Start of Task data

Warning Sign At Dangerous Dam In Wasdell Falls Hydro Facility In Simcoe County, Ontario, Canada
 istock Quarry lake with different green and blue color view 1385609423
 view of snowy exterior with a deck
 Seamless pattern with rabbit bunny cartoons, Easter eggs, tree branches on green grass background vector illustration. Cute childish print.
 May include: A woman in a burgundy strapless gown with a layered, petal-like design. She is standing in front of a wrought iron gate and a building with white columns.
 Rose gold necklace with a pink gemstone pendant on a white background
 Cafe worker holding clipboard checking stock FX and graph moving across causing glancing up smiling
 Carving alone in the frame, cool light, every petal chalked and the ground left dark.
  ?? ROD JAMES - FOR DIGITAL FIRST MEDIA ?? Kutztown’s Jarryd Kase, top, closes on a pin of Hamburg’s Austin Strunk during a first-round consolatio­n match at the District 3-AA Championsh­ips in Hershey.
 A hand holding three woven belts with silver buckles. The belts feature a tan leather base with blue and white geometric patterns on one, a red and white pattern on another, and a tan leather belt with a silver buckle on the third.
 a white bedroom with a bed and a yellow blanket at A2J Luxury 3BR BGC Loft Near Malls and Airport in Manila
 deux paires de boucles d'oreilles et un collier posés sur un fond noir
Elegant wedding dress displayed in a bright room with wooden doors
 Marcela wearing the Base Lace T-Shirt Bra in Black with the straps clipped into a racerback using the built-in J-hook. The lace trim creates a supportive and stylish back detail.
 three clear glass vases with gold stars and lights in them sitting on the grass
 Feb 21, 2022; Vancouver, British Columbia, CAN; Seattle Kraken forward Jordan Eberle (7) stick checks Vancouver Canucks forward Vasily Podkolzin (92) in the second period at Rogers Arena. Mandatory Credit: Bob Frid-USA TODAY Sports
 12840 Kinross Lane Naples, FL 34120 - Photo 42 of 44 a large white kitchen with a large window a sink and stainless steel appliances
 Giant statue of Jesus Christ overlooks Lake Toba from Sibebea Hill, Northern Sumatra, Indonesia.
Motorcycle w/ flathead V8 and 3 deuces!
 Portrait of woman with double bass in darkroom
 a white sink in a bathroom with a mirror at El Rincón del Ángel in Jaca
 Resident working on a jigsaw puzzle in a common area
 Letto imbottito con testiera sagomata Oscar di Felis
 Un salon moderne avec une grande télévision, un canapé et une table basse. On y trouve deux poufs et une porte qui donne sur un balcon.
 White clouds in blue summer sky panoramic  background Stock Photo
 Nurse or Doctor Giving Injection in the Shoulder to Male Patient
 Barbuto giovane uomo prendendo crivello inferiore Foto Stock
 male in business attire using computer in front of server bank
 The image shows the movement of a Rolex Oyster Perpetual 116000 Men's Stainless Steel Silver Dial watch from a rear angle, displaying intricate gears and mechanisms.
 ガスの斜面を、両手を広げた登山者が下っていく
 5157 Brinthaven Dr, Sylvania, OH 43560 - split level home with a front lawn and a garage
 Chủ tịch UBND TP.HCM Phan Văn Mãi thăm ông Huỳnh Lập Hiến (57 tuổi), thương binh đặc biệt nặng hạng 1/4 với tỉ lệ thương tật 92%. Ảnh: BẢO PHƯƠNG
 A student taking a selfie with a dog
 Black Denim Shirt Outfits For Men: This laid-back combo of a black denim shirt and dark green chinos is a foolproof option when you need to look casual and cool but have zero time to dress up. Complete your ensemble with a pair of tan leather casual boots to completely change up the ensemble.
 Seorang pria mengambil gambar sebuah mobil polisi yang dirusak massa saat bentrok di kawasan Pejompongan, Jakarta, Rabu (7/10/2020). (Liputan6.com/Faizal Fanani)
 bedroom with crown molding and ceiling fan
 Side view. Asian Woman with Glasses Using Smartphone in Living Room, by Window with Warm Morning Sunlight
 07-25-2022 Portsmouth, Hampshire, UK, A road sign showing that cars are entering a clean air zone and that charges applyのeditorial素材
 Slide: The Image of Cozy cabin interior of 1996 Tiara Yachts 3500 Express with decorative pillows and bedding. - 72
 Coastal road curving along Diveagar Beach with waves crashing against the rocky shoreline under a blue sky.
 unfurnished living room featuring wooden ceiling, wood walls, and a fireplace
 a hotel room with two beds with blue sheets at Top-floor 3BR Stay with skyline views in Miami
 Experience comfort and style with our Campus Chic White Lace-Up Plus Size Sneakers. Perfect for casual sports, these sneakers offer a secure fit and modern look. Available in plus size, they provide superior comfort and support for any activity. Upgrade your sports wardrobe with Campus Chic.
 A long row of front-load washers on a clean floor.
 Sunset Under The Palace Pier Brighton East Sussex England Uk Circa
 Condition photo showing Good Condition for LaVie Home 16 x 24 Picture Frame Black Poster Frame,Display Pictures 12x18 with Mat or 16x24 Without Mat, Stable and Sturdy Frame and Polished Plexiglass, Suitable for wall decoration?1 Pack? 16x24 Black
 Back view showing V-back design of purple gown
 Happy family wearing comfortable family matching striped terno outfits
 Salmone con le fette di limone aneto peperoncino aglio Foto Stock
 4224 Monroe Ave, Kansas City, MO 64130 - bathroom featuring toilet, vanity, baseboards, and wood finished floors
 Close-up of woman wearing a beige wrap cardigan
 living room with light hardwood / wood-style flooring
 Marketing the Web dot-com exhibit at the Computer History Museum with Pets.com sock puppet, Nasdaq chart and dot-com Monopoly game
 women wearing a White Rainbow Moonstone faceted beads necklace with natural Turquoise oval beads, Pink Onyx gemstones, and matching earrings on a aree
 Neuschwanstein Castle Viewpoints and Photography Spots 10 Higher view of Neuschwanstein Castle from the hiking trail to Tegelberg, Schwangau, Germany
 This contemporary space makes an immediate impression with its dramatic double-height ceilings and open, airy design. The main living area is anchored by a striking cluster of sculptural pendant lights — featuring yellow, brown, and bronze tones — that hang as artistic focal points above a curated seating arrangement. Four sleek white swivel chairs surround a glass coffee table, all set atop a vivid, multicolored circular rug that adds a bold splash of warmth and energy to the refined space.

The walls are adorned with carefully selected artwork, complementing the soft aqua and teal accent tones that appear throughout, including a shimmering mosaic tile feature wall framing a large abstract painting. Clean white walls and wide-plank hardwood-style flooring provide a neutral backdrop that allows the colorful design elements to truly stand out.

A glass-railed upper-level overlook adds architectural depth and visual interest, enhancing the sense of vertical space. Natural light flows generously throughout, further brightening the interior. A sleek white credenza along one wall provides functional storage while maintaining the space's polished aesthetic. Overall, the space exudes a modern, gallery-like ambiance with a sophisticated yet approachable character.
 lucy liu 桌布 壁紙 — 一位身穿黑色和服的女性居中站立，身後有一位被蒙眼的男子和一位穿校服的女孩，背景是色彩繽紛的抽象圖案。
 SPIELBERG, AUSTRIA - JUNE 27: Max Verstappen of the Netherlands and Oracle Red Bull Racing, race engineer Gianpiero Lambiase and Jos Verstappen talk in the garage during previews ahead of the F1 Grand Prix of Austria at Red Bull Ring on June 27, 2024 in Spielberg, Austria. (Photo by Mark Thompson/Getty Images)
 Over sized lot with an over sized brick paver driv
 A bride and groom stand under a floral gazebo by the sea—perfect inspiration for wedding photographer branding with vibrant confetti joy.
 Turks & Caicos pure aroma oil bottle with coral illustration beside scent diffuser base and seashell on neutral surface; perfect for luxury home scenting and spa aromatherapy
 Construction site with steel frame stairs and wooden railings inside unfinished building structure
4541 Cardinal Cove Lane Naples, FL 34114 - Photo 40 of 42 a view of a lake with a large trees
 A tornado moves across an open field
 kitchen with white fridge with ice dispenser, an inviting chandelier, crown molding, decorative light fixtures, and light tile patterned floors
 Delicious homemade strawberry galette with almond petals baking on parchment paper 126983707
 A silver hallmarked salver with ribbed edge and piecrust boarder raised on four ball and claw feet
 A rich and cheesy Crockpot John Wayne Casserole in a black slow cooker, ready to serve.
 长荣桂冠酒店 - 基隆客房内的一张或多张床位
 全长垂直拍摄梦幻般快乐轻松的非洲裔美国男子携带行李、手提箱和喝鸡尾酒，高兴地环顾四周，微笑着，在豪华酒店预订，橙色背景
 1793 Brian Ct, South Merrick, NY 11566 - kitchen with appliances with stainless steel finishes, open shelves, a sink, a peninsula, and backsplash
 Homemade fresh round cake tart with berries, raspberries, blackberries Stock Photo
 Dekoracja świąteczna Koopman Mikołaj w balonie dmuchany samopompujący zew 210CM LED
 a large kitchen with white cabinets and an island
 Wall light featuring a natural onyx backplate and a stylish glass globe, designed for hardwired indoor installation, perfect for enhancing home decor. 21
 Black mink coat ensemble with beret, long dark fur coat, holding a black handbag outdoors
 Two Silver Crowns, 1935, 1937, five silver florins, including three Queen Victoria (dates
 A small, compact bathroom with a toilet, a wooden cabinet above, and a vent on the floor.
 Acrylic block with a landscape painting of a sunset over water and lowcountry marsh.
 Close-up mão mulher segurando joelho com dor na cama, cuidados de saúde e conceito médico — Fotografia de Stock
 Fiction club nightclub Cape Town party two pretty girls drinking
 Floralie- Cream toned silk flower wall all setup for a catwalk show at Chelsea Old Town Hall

End of Task data

Task goal: The lines above from the one containing "Sunset Under The" through the one containing "Salmone con le" are to be set down exactly, and no others.

Exercise result:
 Sunset Under The Palace Pier Brighton East Sussex England Uk Circa
 Condition photo showing Good Condition for LaVie Home 16 x 24 Picture Frame Black Poster Frame,Display Pictures 12x18 with Mat or 16x24 Without Mat, Stable and Sturdy Frame and Polished Plexiglass, Suitable for wall decoration?1 Pack? 16x24 Black
 Back view showing V-back design of purple gown
 Happy family wearing comfortable family matching striped terno outfits
 Salmone con le fette di limone aneto peperoncino aglio Foto Stock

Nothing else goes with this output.